Elefanten-Wilderei hört nicht auf

Dienstag, Februar 22, 2011
Hamburg
Wie jetzt bekannt wurde, sind in den letzten zwei Wochen mindestens zwanzig Elefanten im Tschad gewildert worden. Dies berichtet Stéphanie Vergniault, Präsidentin der Organisation SOS Elefanten im Tschad.

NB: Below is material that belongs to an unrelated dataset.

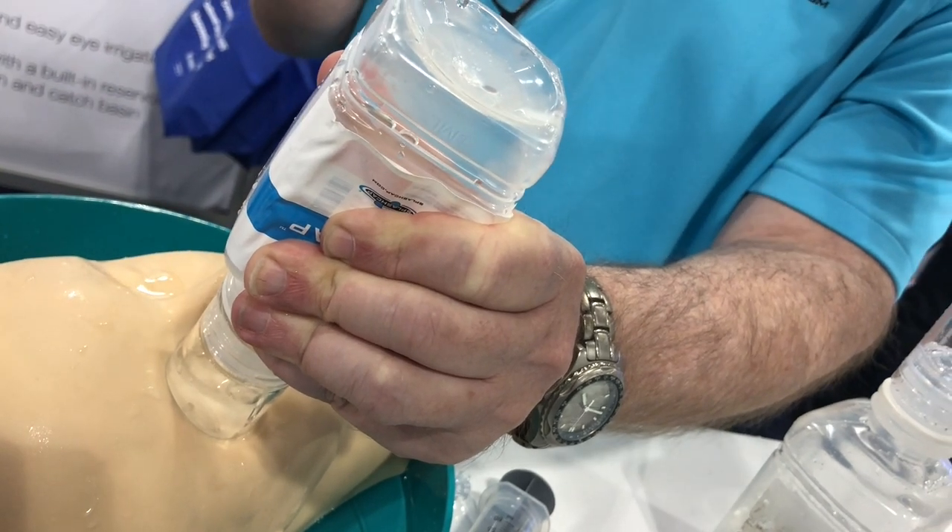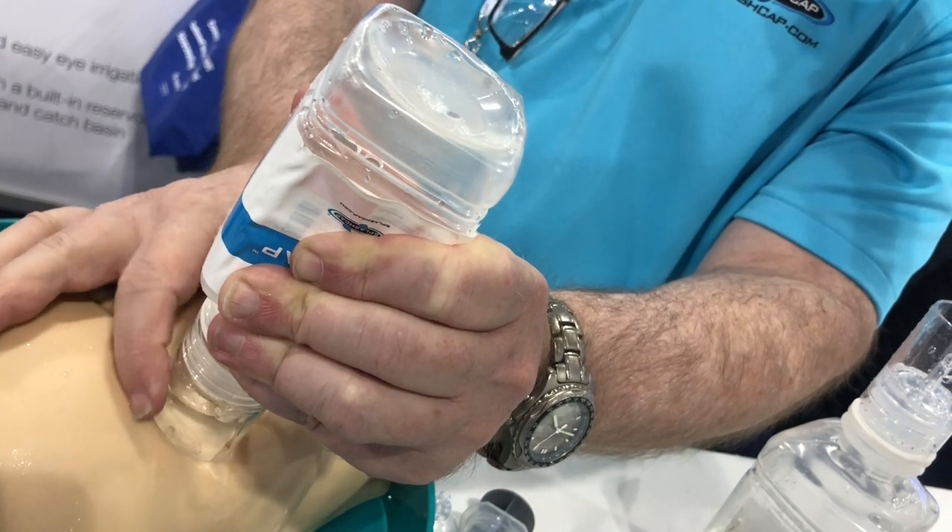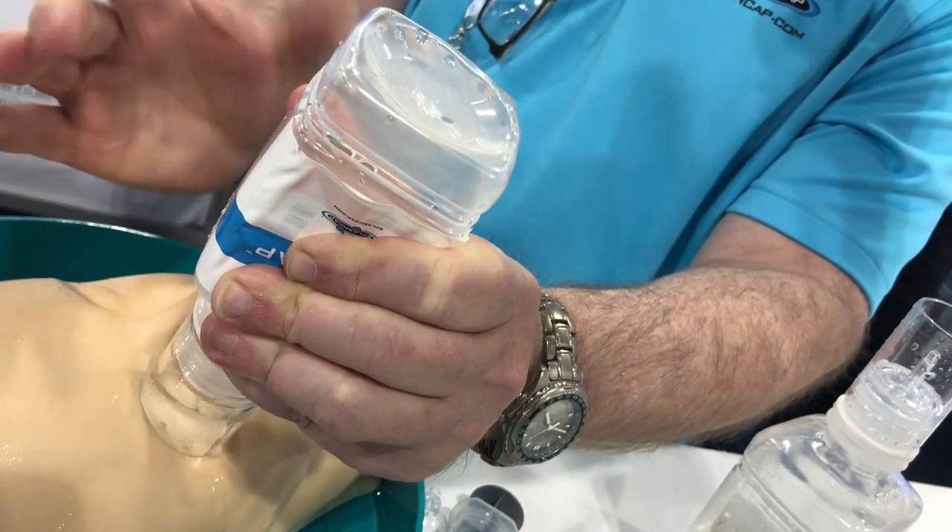Once I have done the decontamination, I'll just keep it on there, and again there's no pressure. I'll pry the eye open, and once they get a little bit of fluid in there, it's kind of game over because they've got a lot of relief going on.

„Diese zwanzig Elefanten mussten wegen ihres Elfenbeins sterben,“ erläutert Céline Sissler-Bienvenue, Elefantenexpertin des IFAW (Internationaler Tierschutz-Fonds). „Das Ausmaß lässt uns vermuten, dass hier gut organisierte Banden vorgehen. Die Wilderer teilen sich wahrscheinlich in Gruppen von Schützen und Trägern auf. Oft wird das Elfenbein dann mit Pferden, Kamelen oder sogar Fahrzeugen aus dem Tschad gebracht. Häufig waren es bisher Gruppen aus angrenzenden Ländern, die im Tschad Elefanten wildern und mit dem „weißen Gold“ Waffen für die Konflikte in Dafur oder in der Zentralafrikanischen Republik kaufen. Mit Gewissheit können wir das aber bisher nicht sagen.“


Die zwanzig Elefanten wurden alle außerhalb geschützter Gebiete geschossen. Letztes Jahr wurden alleine im Tschad etwa 250 Elefanten getötet.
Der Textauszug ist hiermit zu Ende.